Great Britain, Australia and Sweden clock in at three times higher.

The only country with prices that have actually fallen is – no surprise? – Japan, at 45 per cent lower “and still falling,” as BMO senior economist Sal Guatieri puts it.

Meanwhile, over at Canada Mortgage and Housing Corp., the 2014 review of the state of housing in Canada drills deep down into demographics, finance, markets, trends and housing conditions.

Not surprisingly, household growth between 2006 and 2011 was strongest among the 60-64 age set, the leading edge of the ever-influential baby boom generation.

New-home prices increased on average 2.3 per cent in 2012, with growth posted in 18 of 21 urban centres covered. The biggest increase – 5 per cent – was in the Toronto-Oshawa region, while the largest decrease was in Victoria: 3 per cent.

The average resale price of a home on the Multiple Listing Service in 2013? $382,576, up from $363,469 in the previous year. A 2012 survey indicates that 31 per cent of recent buyers reported making either a lump-sum payment or increasing their regular mortgage payment, or both, in order to pay off their mortgage sooner, up from 29 per cent in 2011.
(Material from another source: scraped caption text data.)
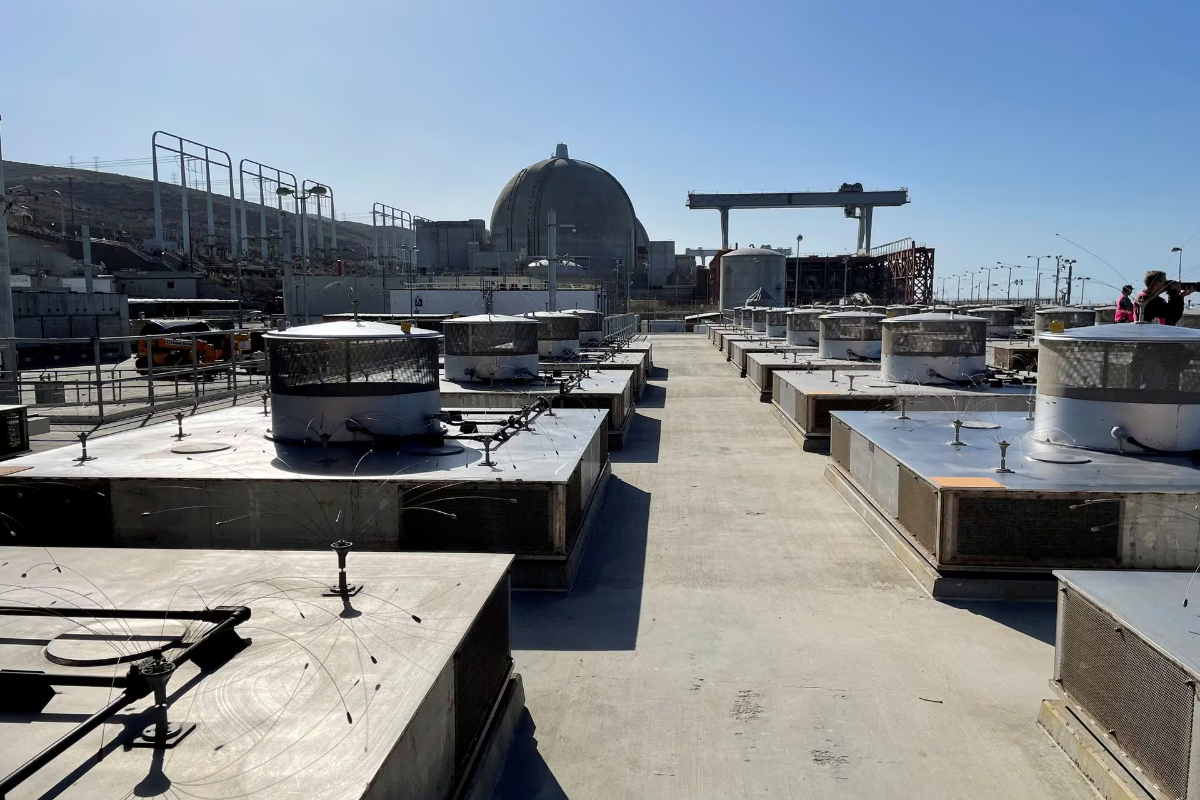 US House recently banned uranium imports from Russia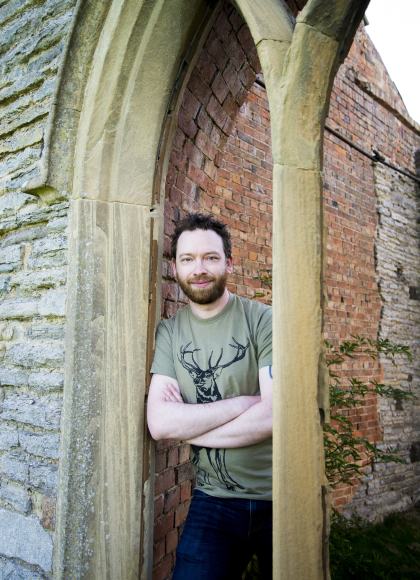 Mark A. Latham (Photo Credit: Sani MacLeo)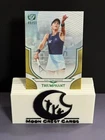 2025 Topps Triumphant Tennis Trophy Gold Foil Ajla Tomljanovic #34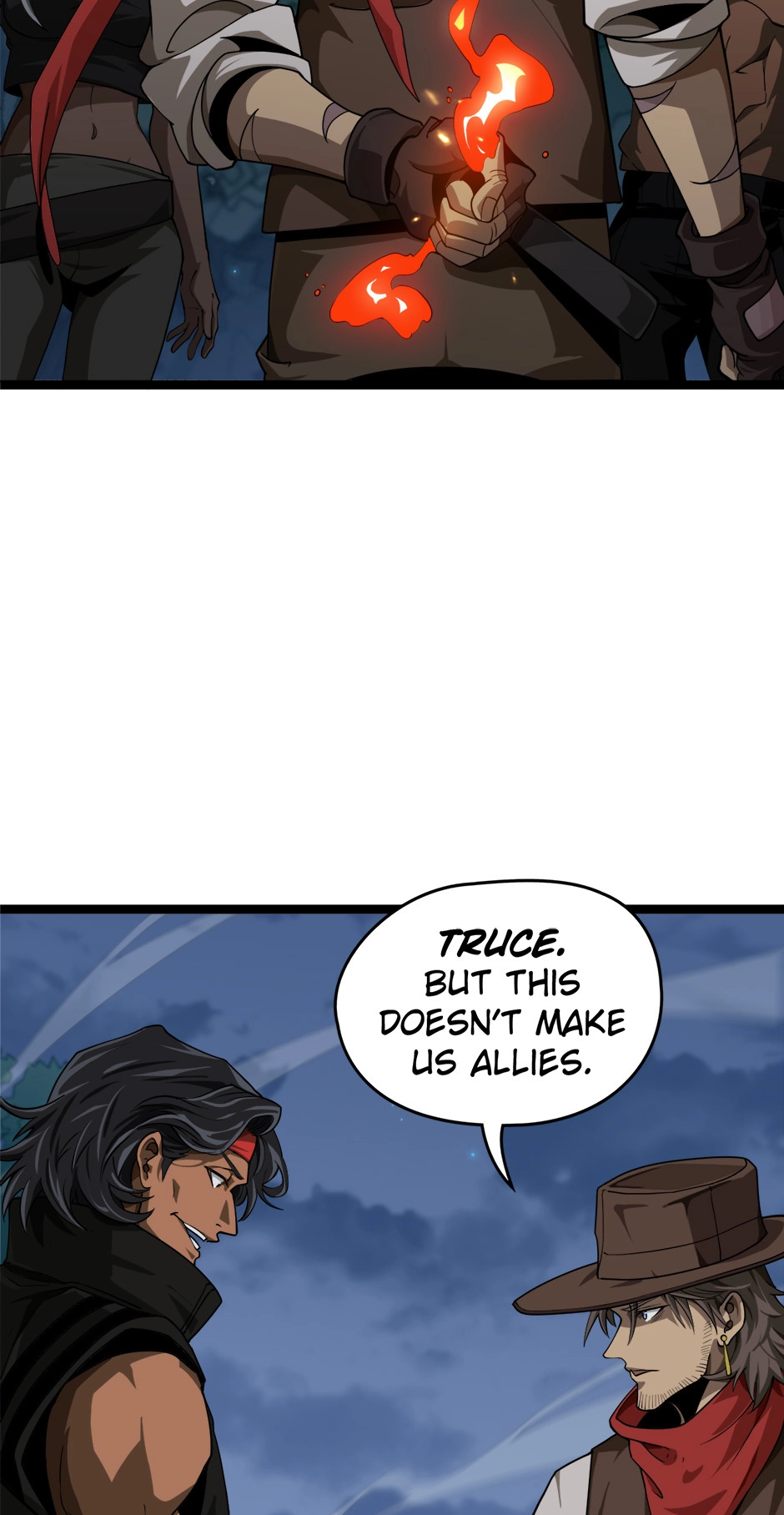 Battle Mage Farmer Chapter 31 - page 50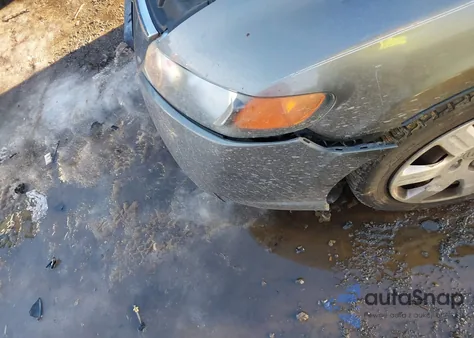 2006 Honda Civic Lx из США, поврежденный, VIN 1HGFA16546L049937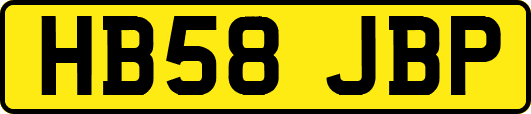 HB58JBP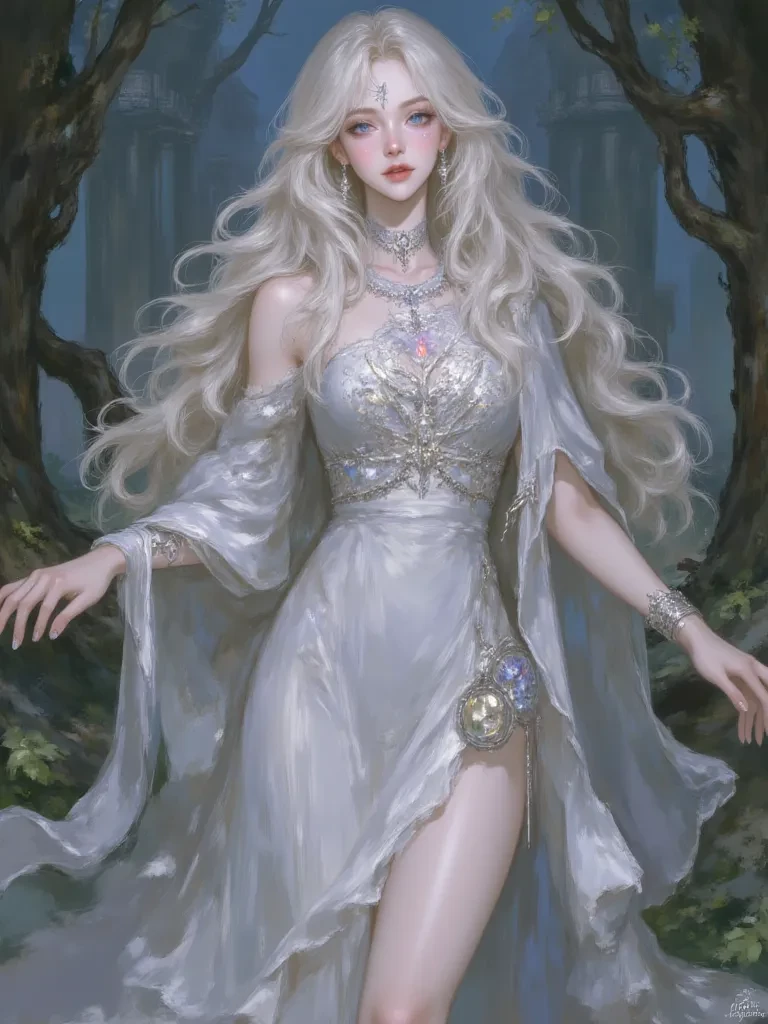 Elara, The Whispering Bloom thumbnail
As of the first quarter of 2014, 0.31 per cent of residential mortgages were three or more months in arrears, down from 0.34 per cent a year earlier. That’s the lowest level since 2008, due to the improvement in economic conditions.

And Canadians’ ability to service their mortgage debts improved: in 2013, the ratio of average mortgage debt-service costs to annual personal disposable income stood at 3.66 per cent, a whisper of a decline from 3.7 per cent in 2012 and below the average of 4.1 per cent since 2000.
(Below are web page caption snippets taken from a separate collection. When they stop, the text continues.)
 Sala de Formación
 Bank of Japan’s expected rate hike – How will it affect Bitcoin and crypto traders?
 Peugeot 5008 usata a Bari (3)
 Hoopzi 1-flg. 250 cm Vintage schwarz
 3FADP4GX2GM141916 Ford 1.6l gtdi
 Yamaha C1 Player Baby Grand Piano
One-person households are the fastest-growing type of household, accounting for 28 per cent of households in 2011, more than twice their 13-per-cent share in 1971.

Households made up of couples with kids accounted for 29 per cent of households in 2011, down from 50 per cent in 1971. In 2011, women made up 65 per cent of condominium owner-occupants living alone. At the age-55-and-above level, that jumps to 76 per cent.